# Work required
Please return the lines from the one with "Pallone da calcio" through the end of the listing below, word for word, with every picture left out.

# Information shown
◆ ◆ ◆ ◆ ◆ ◆ ◆
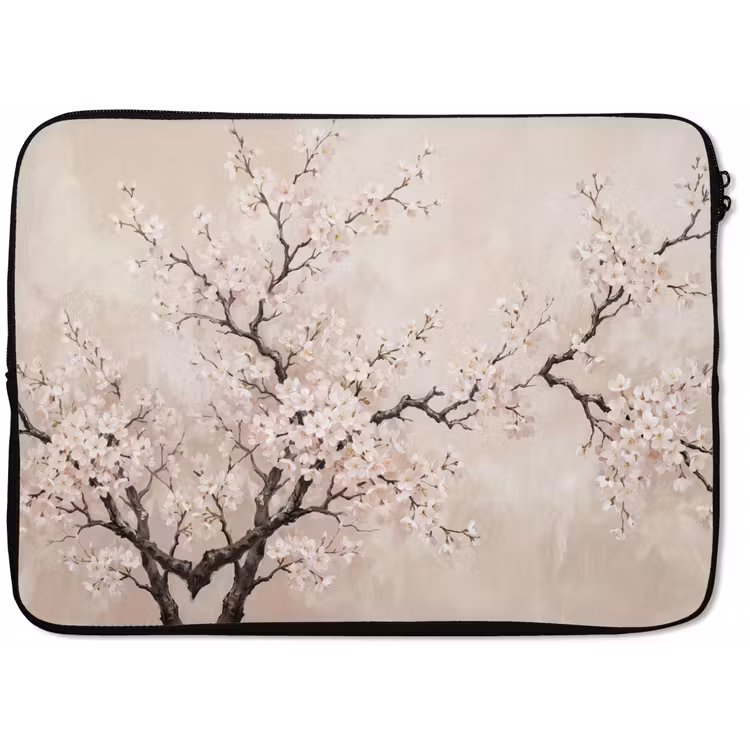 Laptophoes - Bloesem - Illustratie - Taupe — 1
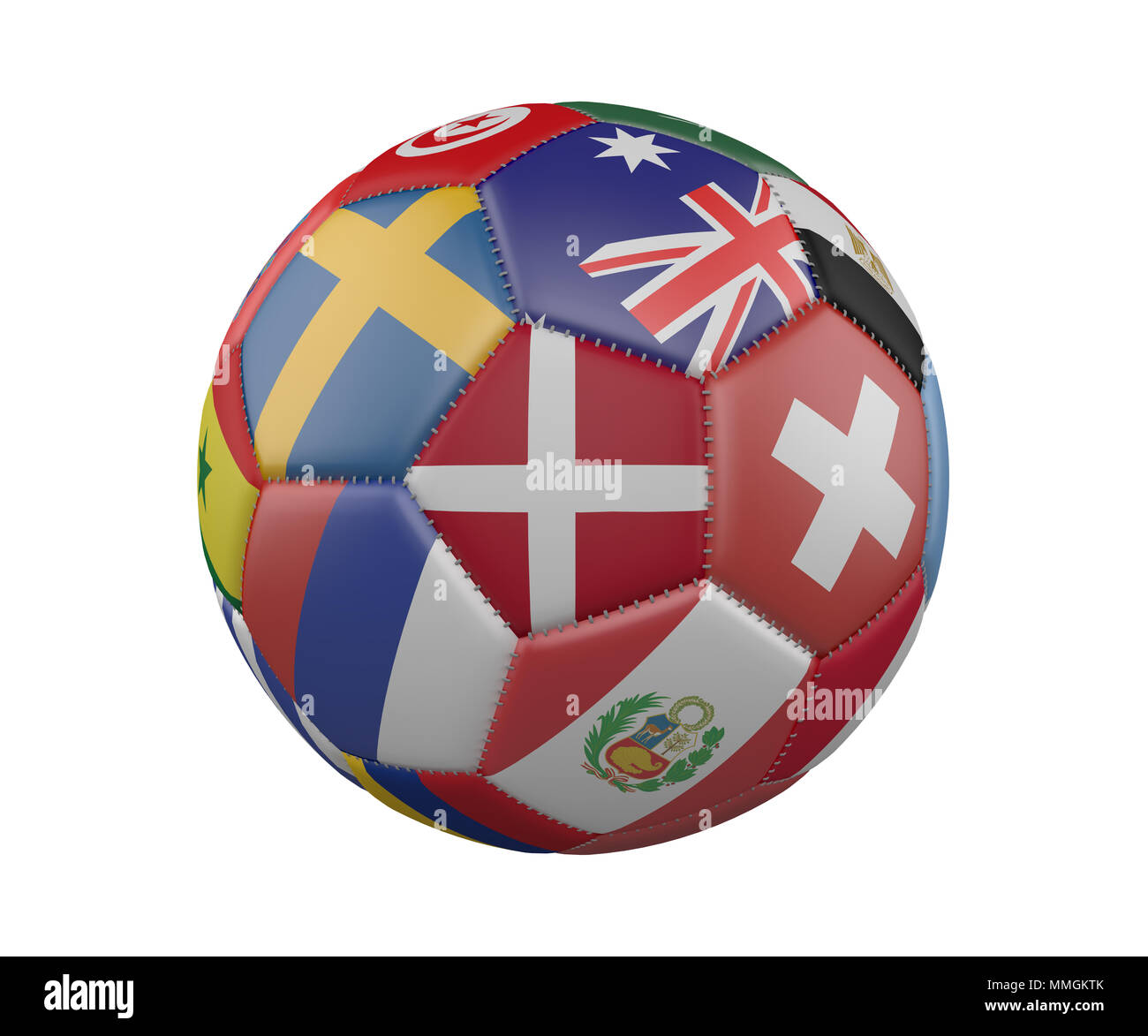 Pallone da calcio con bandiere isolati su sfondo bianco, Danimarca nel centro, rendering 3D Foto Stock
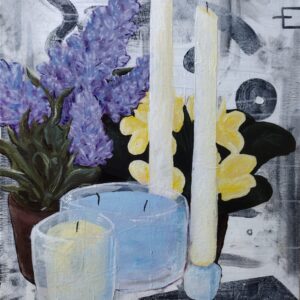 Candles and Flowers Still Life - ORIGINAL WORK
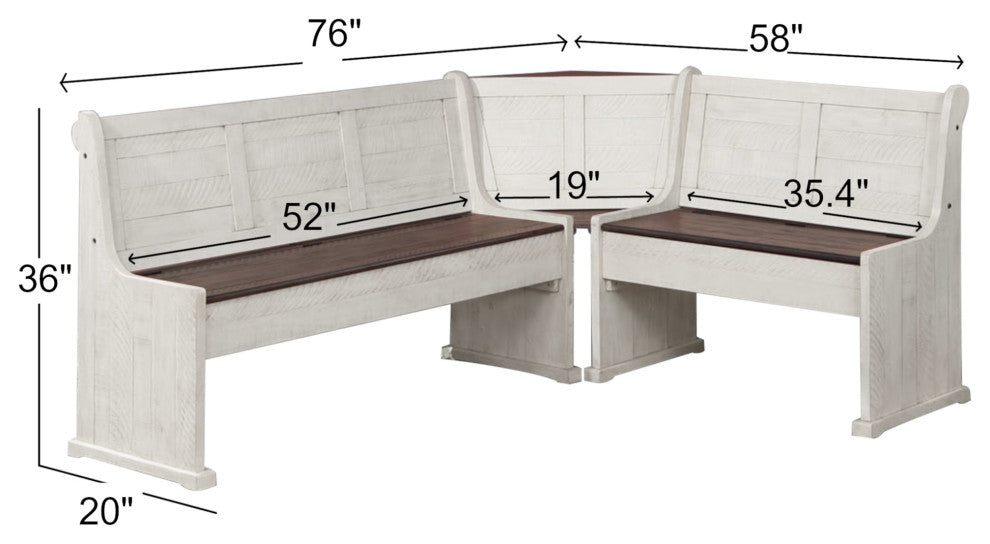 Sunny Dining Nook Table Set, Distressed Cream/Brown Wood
◆ ◆ ◆ ◆ ◆ ◆ ◆
# Solution to this problem
 Pallone da calcio con bandiere isolati su sfondo bianco, Danimarca nel centro, rendering 3D Foto Stock
 Candles and Flowers Still Life - ORIGINAL WORK
 Sunny Dining Nook Table Set, Distressed Cream/Brown Wood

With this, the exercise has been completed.